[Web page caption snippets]

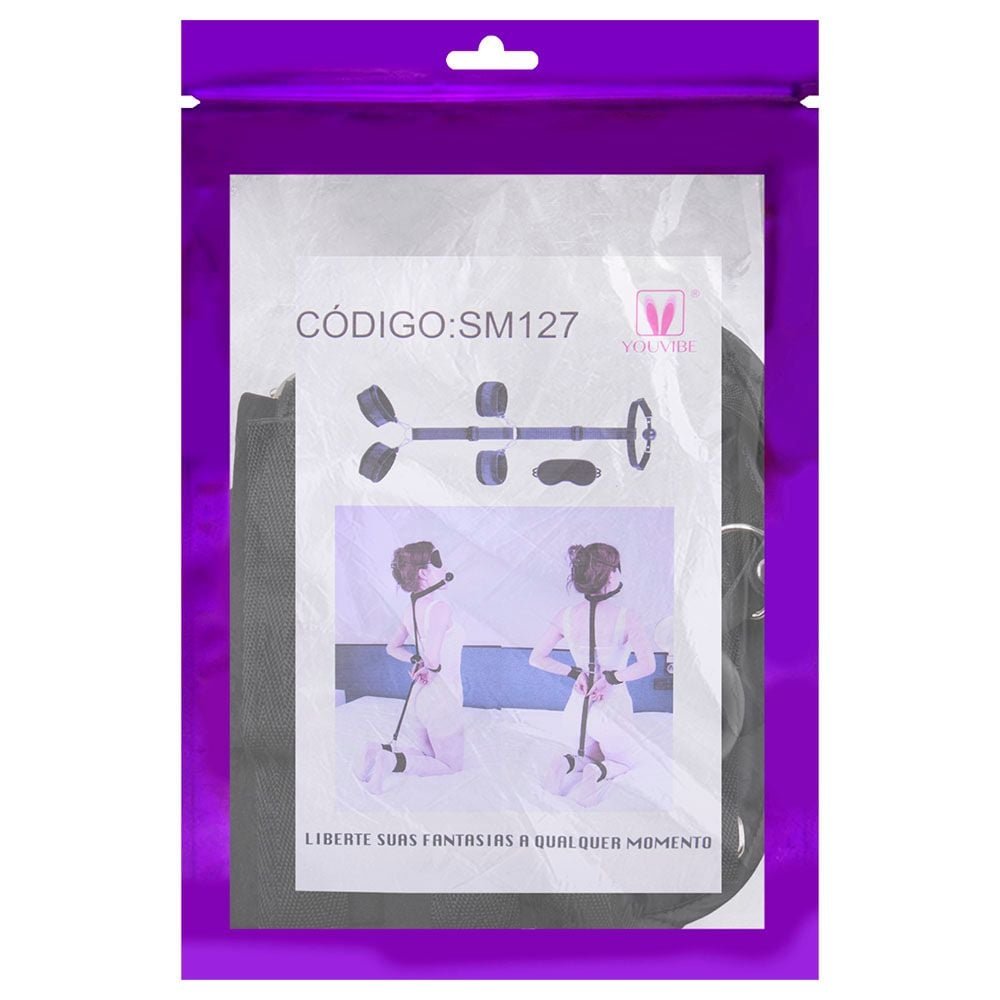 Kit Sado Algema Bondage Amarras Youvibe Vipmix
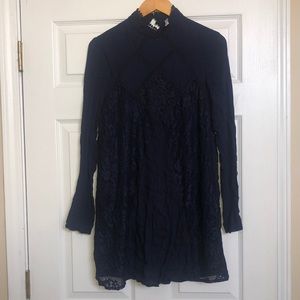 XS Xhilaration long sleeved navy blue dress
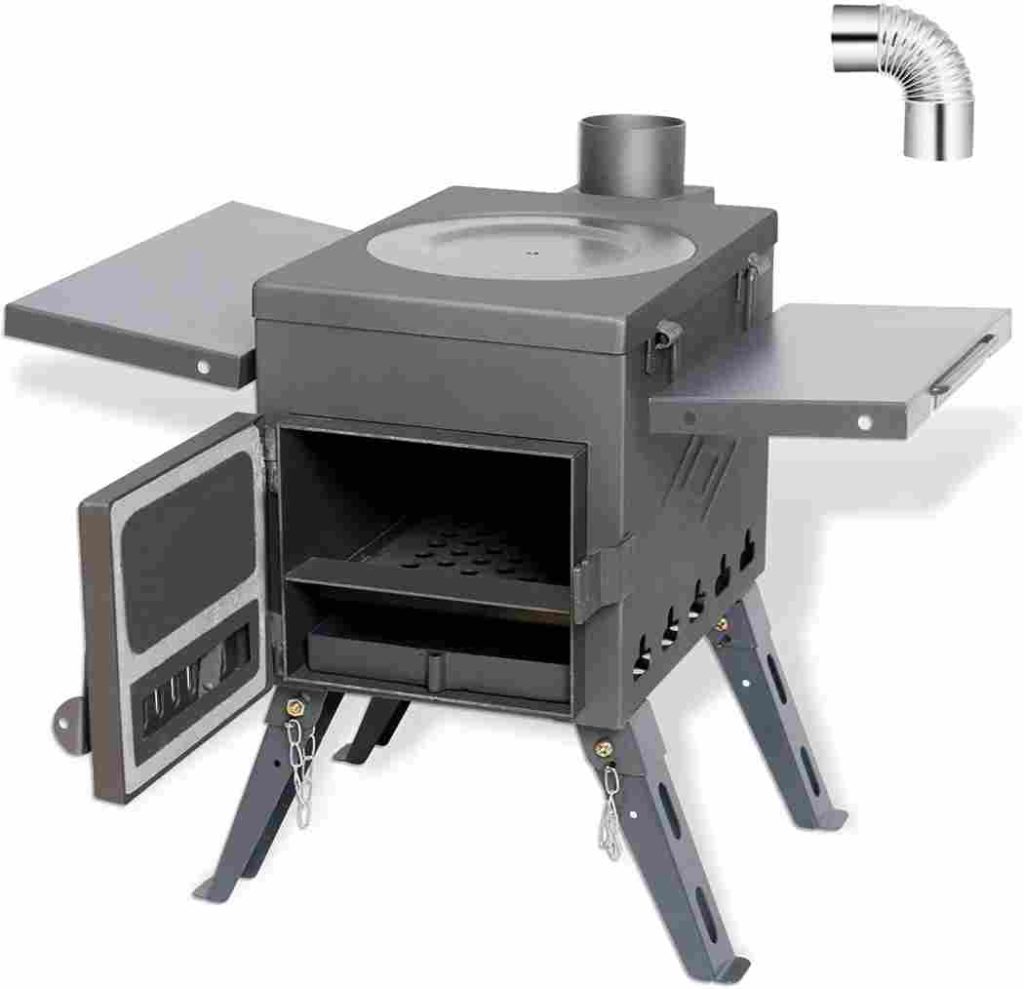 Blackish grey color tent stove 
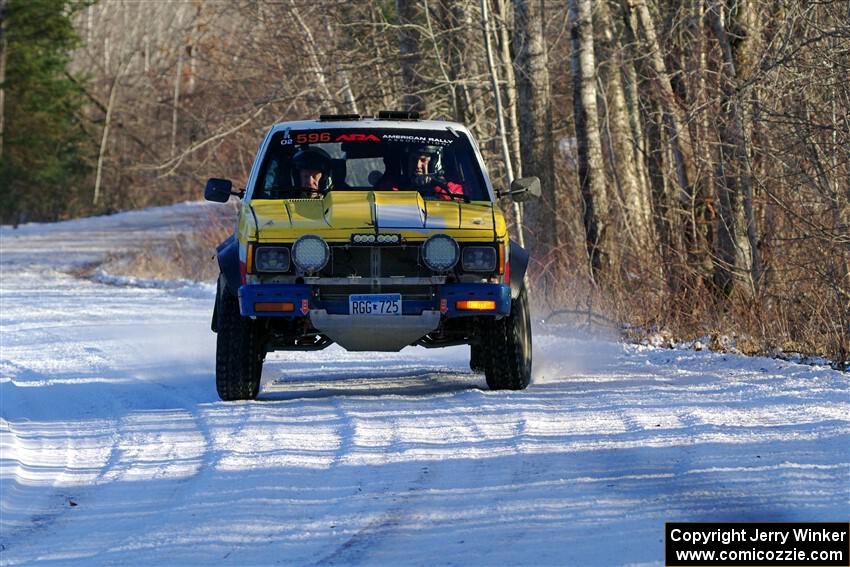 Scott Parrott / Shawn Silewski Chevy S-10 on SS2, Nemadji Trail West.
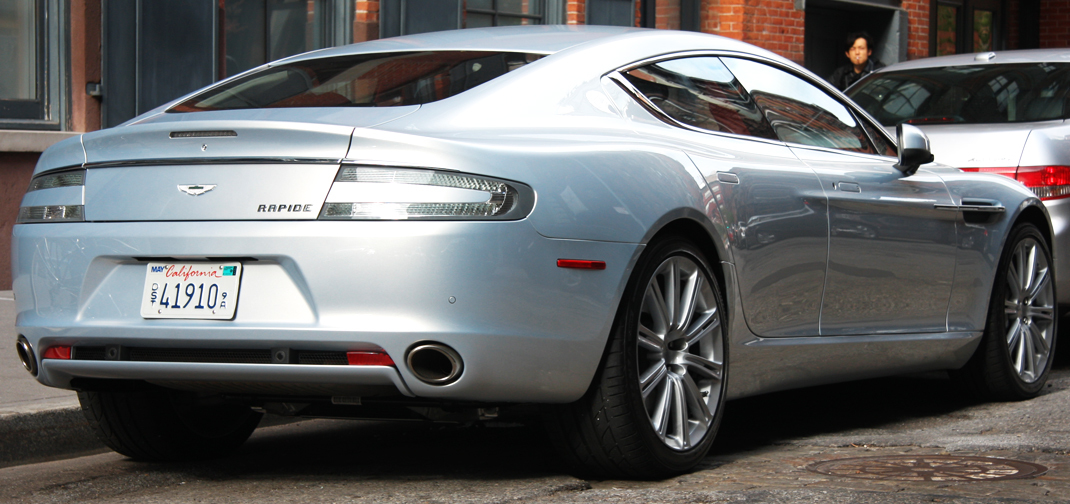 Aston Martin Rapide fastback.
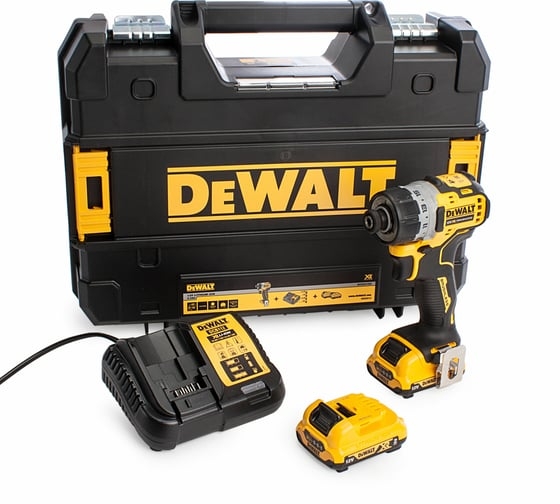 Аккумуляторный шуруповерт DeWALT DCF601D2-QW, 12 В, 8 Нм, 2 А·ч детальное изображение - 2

_WHAT THE TASK REQUIRES:_ Where the line containing "Scott Parrott /" appears in the records above, begin copying and continue exactly through the last line, with nothing else; omit every picture.

_ANSWER BOX:_
 Scott Parrott / Shawn Silewski Chevy S-10 on SS2, Nemadji Trail West.
 Aston Martin Rapide fastback.
 Аккумуляторный шуруповерт DeWALT DCF601D2-QW, 12 В, 8 Нм, 2 А·ч детальное изображение - 2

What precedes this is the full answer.